Since publishing last year’s assessment, we’ve energized two projects to interconnect new customers, including:
- Pleasant Valley Substation – A 138-kV bus at Pleasant Valley Substation in Washington County, Wis., was installed to allow a second distribution transformer interconnection.
- Warrens Substation – Construction was completed on a new 6.5-mile, 69-kV line that increases reliability and supports a new customer in Monroe County, Wis.
For more information, see T-D Interconnections.
Generator interconnections
Since last year’s assessment was published, we interconnected the second Oak Creek (also known as Elm Road) unit (650 MW, net 615 MW). In addition, the generator interconnection projects identified for the modifications to the Point Beach Nuclear Plant are moving through our routing, siting and application process. Going forward, proposals for generation interconnection are for the most part focused on wind generation. As of July 1, 2011, 17 proposals to install more than 2,600 megawatts of wind turbines in Wisconsin are in the MISO generation queue.
The generator interconnection projects proposed for the Point Beach Nuclear Plant modifications will prepare the unit for years of continued reliable base load operation as well as provide a large amount of additional generating capacity. Our studies indicate that the additional output from these generating units and the substantial equipment modifications will result in transmission overloads and instability if the system in the area is not reinforced.
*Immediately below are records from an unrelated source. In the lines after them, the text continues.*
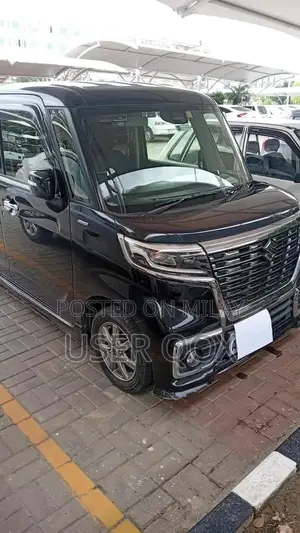 Suzuki Spacia Compact MPV - Imported Japanese Minivan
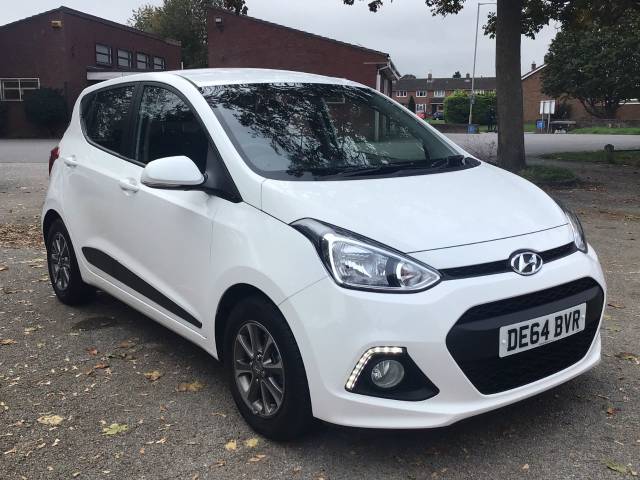 Hyundai i10 1.2 Premium 5dr Auto Hatchback Petrol Polar White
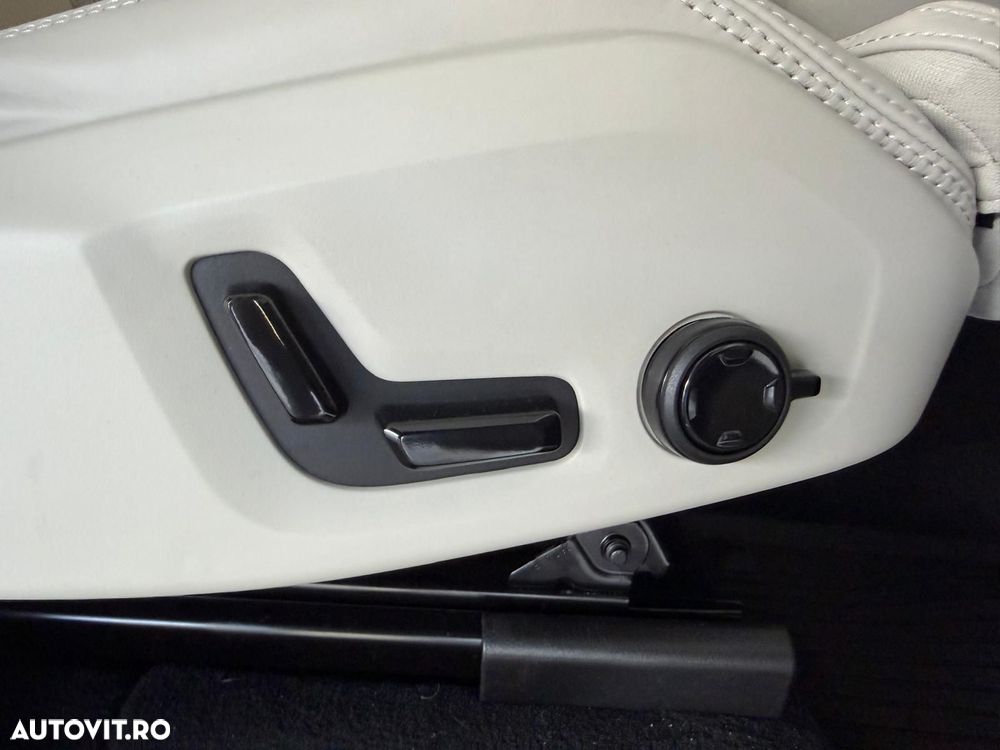 Volvo XC 90 B5 AWD MHEV Ultra Bright - 15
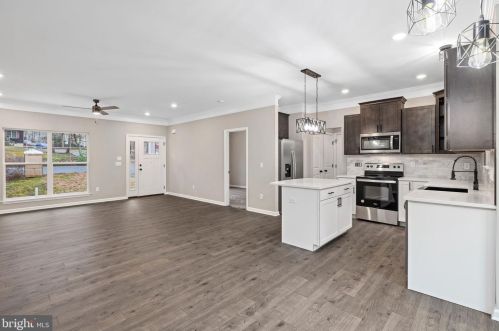 10914 Thiel Ct, Spotsylvania VA  22551-8034 exterior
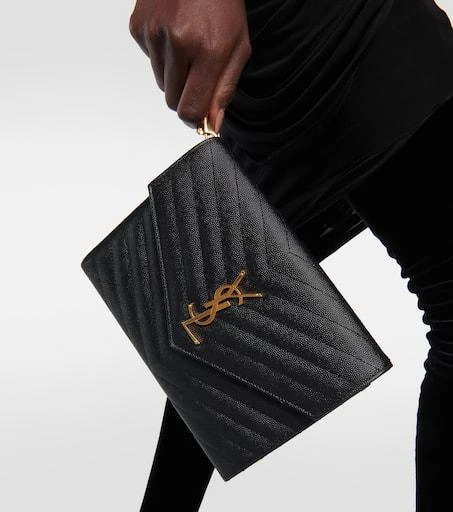 商品Yves Saint Laurent|Cassandre matelassé leather clutch,价格¥5552,第2张图片详细描述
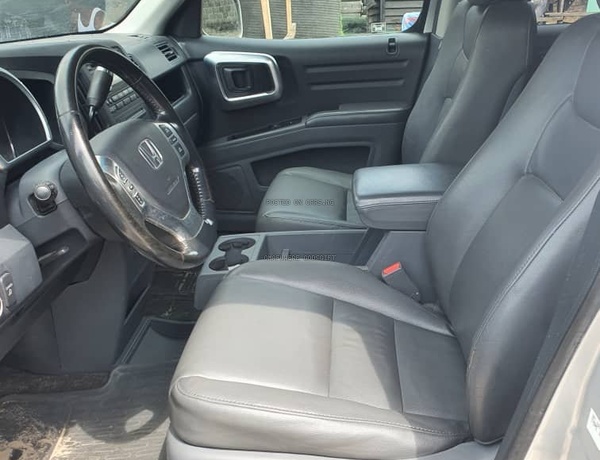 Foreign Used (Tokumbo) 2007 Honda Ridgeline for Sale In Lagos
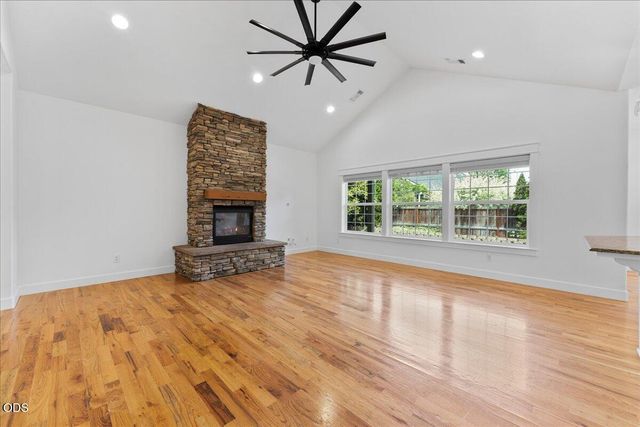 13 Portabello Way, Eagle Point, OR 97524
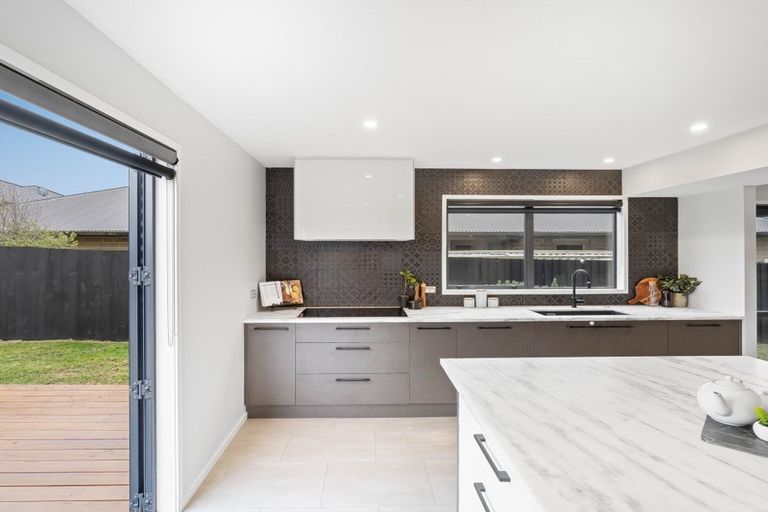 Photo of property in 51 Eastwood Rise, Waimairi Beach, Christchurch, 8083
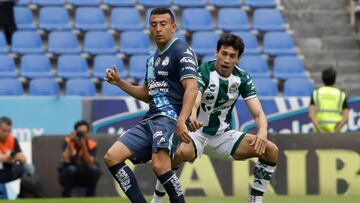 MEX2923. PUEBLA (MÉXICO), 05/07/2024.- Daniel Álvarez (i) de Puebla disputa el balón con Ismael Govea (d) de Santos durante un partido correspondiente a la primera jornada del torneo mexicano de fútbol este viernes, disputado en el estadio Cuauhtémoc, en el estado de Puebla (México). EFE/ Hilda Ríos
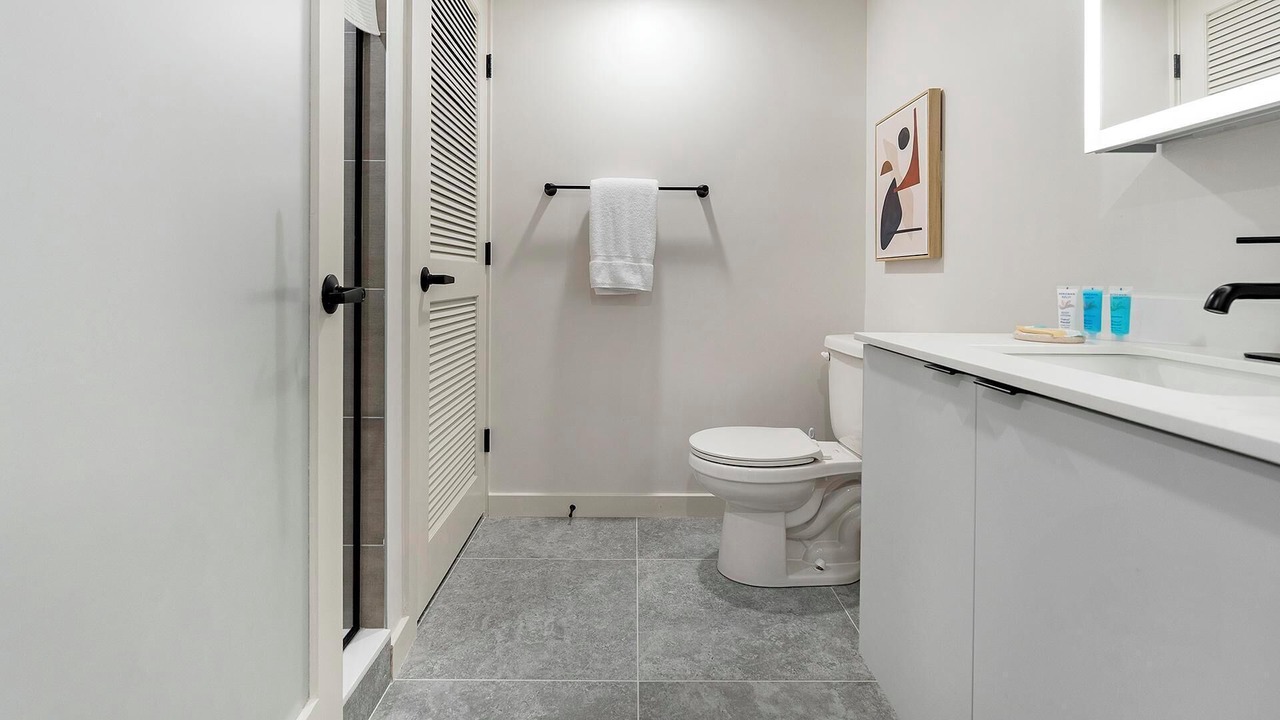 Photo of Bathroom in Norris Square
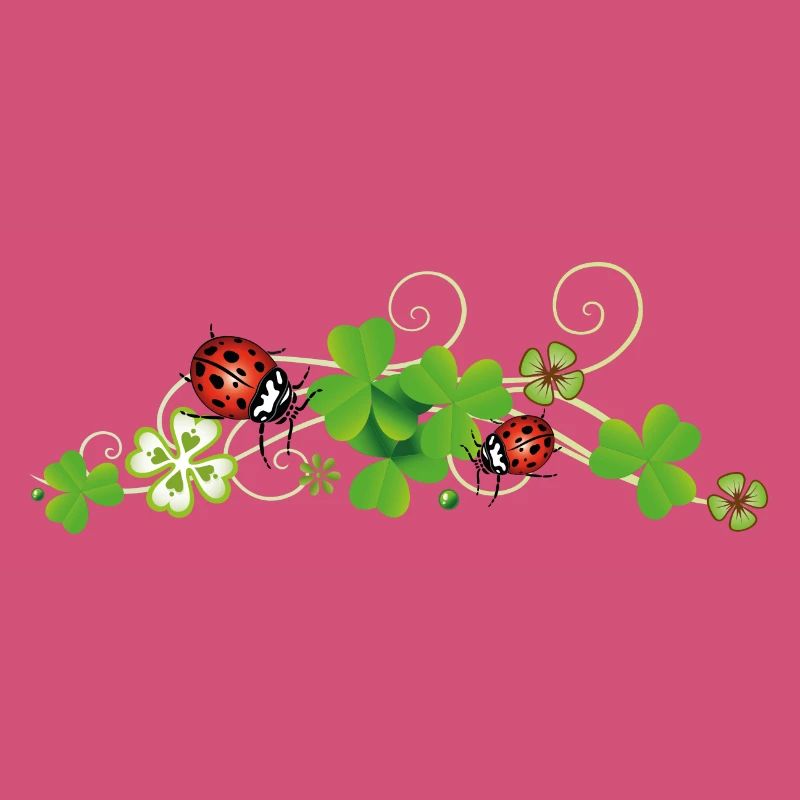 Trèfle, trèfle chanceux avec des coccinelles.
More information on this project, the Barnhart-Branch River Electric Reliability project, can be found at our website: www.atc-projects.com
Generation uncertainties are growing due to proposed Environmental Protection Act regulations. We are working closely with generation owners and MISO to anticipate reliability impacts to our transmission system. In light of pending EPA regulations, we are reviewing the high-retirements scenario for the Upper Peninsula of Michigan in 2011 and its impact on northeast Wisconsin as well. In this review, we also are considering the reliability of the area due to a NERC Category 2 event dropping more than 400 megawatts of load on May 10, 2011. This event was caused by a single lightning strike affecting two lines on a common tower during the maintenance outage of another area line in off-peak load conditions. We are considering a guideline to define a new credible contingency suggested by this event and other similar events in the past. The generation uncertainties in ATC’s footprint extend beyond the Upper Peninsula and could affect other generators in our footprint which may create additional reliability needs.
For more on generation developments in Wisconsin and Michigan’s Upper Peninsula, see Generation Interconnections.
Northern Plan
Even with significant upgrades to transmission infrastructure in the Upper Peninsula in recent years, operational challenges remain due to the delicate balance that exists between generation, load, market flows and transmission.
ATC conducted an energy collaborative from 2008-2010 to determine the set of projects that would maintain the reliability of the electric system in the U.P. in the most cost-effective manner. Please refer to our U.P. Collaborative section for more details. Several projects are being implemented, including a back-to-back HVDC flow control device that will be installed near the Straits Substation in 2014. This innovative, $90 million project will enable the flows into and out of the U.P. to be controlled by MISO, maintaining appropriate thermal and voltage levels in both upper and lower Michigan. This project was approved by the MISO Board of Directors in June 2011 and will be cost-shared as a baseline reliability project. Combined with our smart-grid initiatives, this project will enhance our ability to operate reliably.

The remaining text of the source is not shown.